Dimming: Touch Dimmer Required
Brightness needs change through service. Early seating might be brighter; late evening should be dimmer and more intimate. A touch dimmer lets front-of-house staff adjust in seconds without tools or settings menus.
Look for 3-step or 4-step touch dimmers. Avoid lamps that require pressing and holding or cycling through modes — your staff will skip it when they're busy.
Height: Under 30cm for Sightlines
Table lamp height matters in restaurants because it affects conversation across the table. A lamp that is too tall blocks sightlines between diners. Under 30cm (12 inches) is ideal — visible enough to create ambiance, low enough to see your dining companion.
Durability: Daily Handling by Staff
Restaurant lamps get picked up, moved, placed on charging stations, and occasionally bumped — every single day. Budget plastic lamps will not survive a year of this.
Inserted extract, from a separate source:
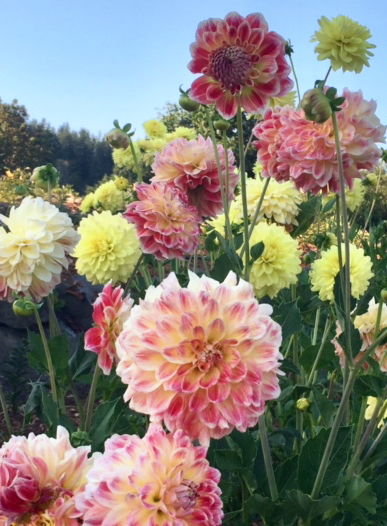 Dahlias in the garden photo by Suzanne Eaton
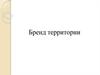 Бренд территории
Premium materials (brass, aluminium, glass) withstand daily commercial handling and develop character rather than damage.
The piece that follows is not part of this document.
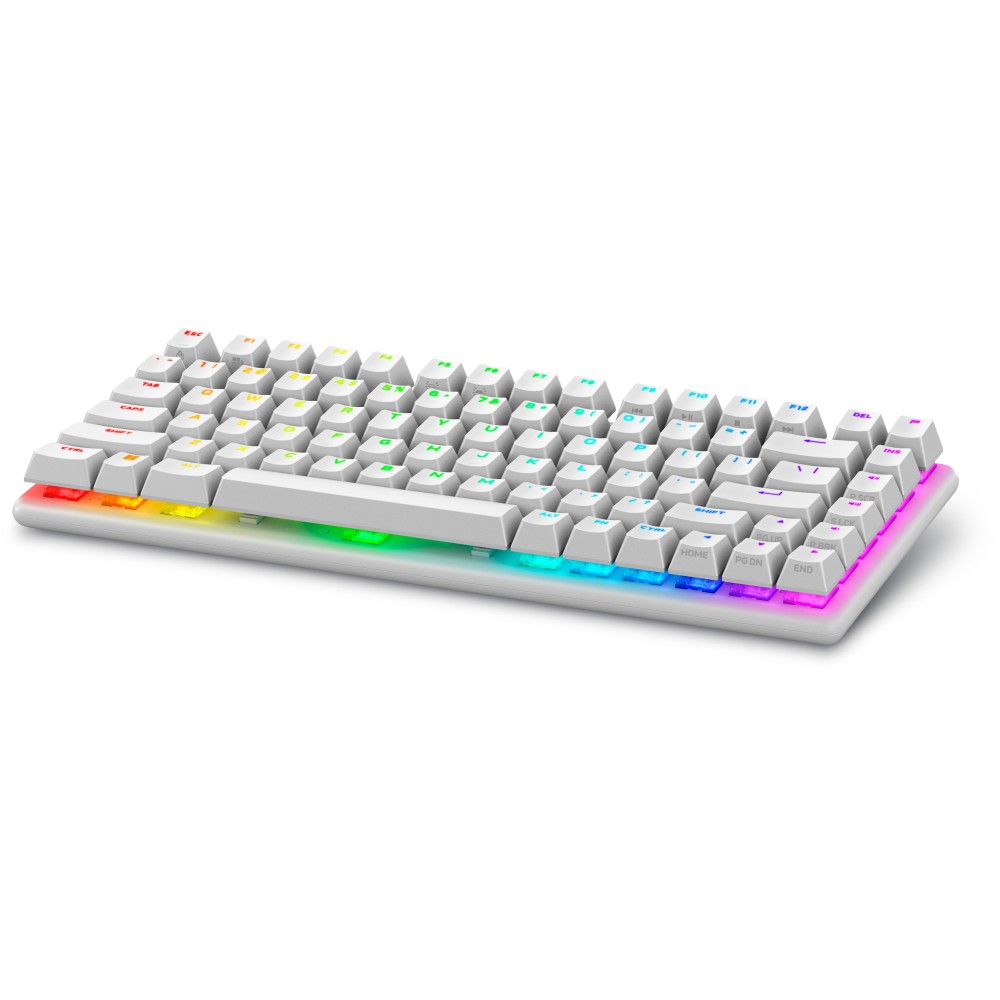 TECLADO GAMING DELL ALIENWARE PRO INALAMBRICO LUZ LUNAR US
Charging Logistics: The Operational Reality
This is where most restaurant buyers under-plan. A beautiful lamp is worthless if charging creates a nightly headache.
The Charging Routine
The simplest workflow:
- After last service: Staff collects all table lamps (60 seconds with practice)
- Place on charging station: Each station holds 10 lamps. A 30-table restaurant needs 3 stations.
- Overnight charge: Full charge takes 4-6 hours
- Before first service: Deploy lamps to tables (60 seconds)
Total staff time per day: under 5 minutes.
Charging Infrastructure
| Solution | Capacity | Price | Best For |
|---|---|---|---|
| USB-C cables | 1 lamp each | Included | Small venues, backup |
| Charging Base | 1 lamp | $89 | Drop-and-charge at host stand |
| Charging Cart | 10 lamps | $995 | Mobile — charge and transport |
| Charging Station | 10 lamps | $1,295 | Fixed back-of-house installation |
Recommendation for most restaurants: Two or three Charging Stations placed in a back-of-house area. Staff places all lamps on stations after the last service; they are ready by the next day.
For restaurants that need to transport lamps between a storage area and the dining floor, the Charging Cart rolls lamps directly to the tables.
Cost Analysis: Lamps vs. Candles
The Candle Cost
A typical restaurant spends $10-20 per week on candles, tea lights, and votives. Add cleanup labour (wax removal, replacing burned tablecloths) and the true cost is $15-25/week — roughly $800-$1,300 per year.
The Lamp Investment
For a 30-table restaurant:
| Scenario | Lamp Cost | Charging | Total | Annual Savings | Payback |
|---|---|---|---|---|---|
| Asteria ($349/ea) | $10,470 | $2,590 (2 stations) | $13,060 | ~$1,000/yr | ~13 years |
| Shelby ($479/ea) | $14,370 | $2,590 | $16,960 | ~$1,000/yr | ~17 years |
| Avenue ($579/ea) | $17,370 | $2,590 | $19,960 | ~$1,000/yr | ~20 years |
The honest truth: If pure cost savings are your only concern, the payback period is long. The case for cordless lamps is not cheaper than candles — it is better than candles. The value is in the elevated guest experience, the elimination of fire risk, the Instagram-worthy ambiance, the operational simplicity, and the design statement your venue makes.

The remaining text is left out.